He shuddered and Lizzy chuckled, squeezing his arm. “Yes, I can see why this would frustrate you. I daresay I would feel much the same so am thankful for the firm foundation. Richard suffers no ill effects?”
Darcy laughed. “Richard is a born seaman. Honestly. I told him he was a fool to not join the navy, and he did consider the option, but decided the draw of the cavalry outweighed a ship. In the end it makes the most sense since, like me, he was practically born in a saddle. Still, I was a bit surprised as he perpetually extolled the exploits and virtues of Admiral Nelson with stars in his eyes, forcing me to play navy whenever possible. He was always Nelson and I some underling being ordered about to swab the deck or load the cannons.”
Darcy smiled in remembrance. “Even then he possessed the air of command. I wish you could see Richard in this light, Elizabeth. He is so different. You would be amazed.”
“Why did he not join the navy then?”
“By the time he finished at Cambridge, Nelson was dead. Napoleon was raging across Europe and soldiers were needed. It truly did make the most sense for him to be in the cavalry, and Uncle encouraged it. Richard rose quickly. He earned the rank of Second Lieutenant before he left for Russia in 1812. By the end of that campaign he was elevated to Captain. By 1815, at Waterloo, he was a Junior Major commanding two companies and distinguished himself brilliantly. He earned his Colonel’s stars at battle’s end.”
“I confess I have not given much consideration to Richard’s career. How remiss of me! I had no idea he was such a hero. You all must be so very proud of him.”
“Assuredly. Although it was horrible during the long months with no communication. Aunt Madeline worried so. She had not embraced Richard joining the military, even though it is a typical career choice for second sons, and Richard would not be deterred. Still, I suppose all mothers are torn between pride in their sons for serving their country and tremendous fear. Each letter would be met with great rejoicing. We did not see Richard for nearly four years, but he returned with injuries minimal and medals abounding. We were blessed, so many families losing loved ones during those long years.”

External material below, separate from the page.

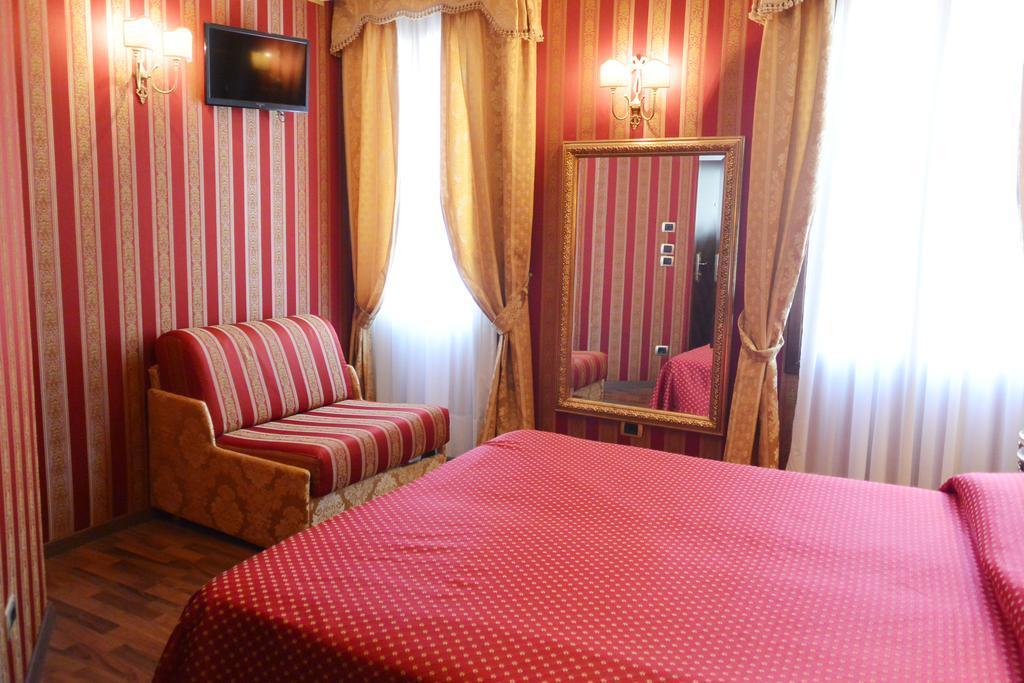 Hotel Di Milano Venise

“Was he much changed when he returned? One hears terrible stories of what battle does to some men.”
“Oddly, no. At least not too much. Richard has ever been gay hearted and humorous. Jolly, I suppose, is an apt word. Yet he is amazingly intelligent and focused. The casual acquaintance does not see that aspect of his personality. We spoke at length and seriously about his experiences at war, and he shared with Uncle, but few others will ever hear him talk of it without a ready joke or clearly embellished tale. Georgiana loves to hear him regale his exploits, wholly unaware that none of them bear more than a passing resemblance to the truth.”
They wandered slowly up the pier, past the cluster of inns and boarding houses that surrounded the bath house, turning north onto the broad esplanade separating the beach from the Denes. The once restricted area outside the medieval town walls was gradually evolving from a wild wasteland to a developed part of the city, but the progress was sporadic and frowned on by many town officials, creating a pattern of intermittent buildings and empty spaces. The walkways leading to the beach underwent similar haphazard planning with proper development recently unfolding. Still, the rough avenues were not a deterrent to the mass of visitors. The beach was packed with blankets and umbrellas as people enjoyed the sun and sand, children by the dozens frolicked in the tide, and long lines of tourists rambled under the tree-lined boardwalk.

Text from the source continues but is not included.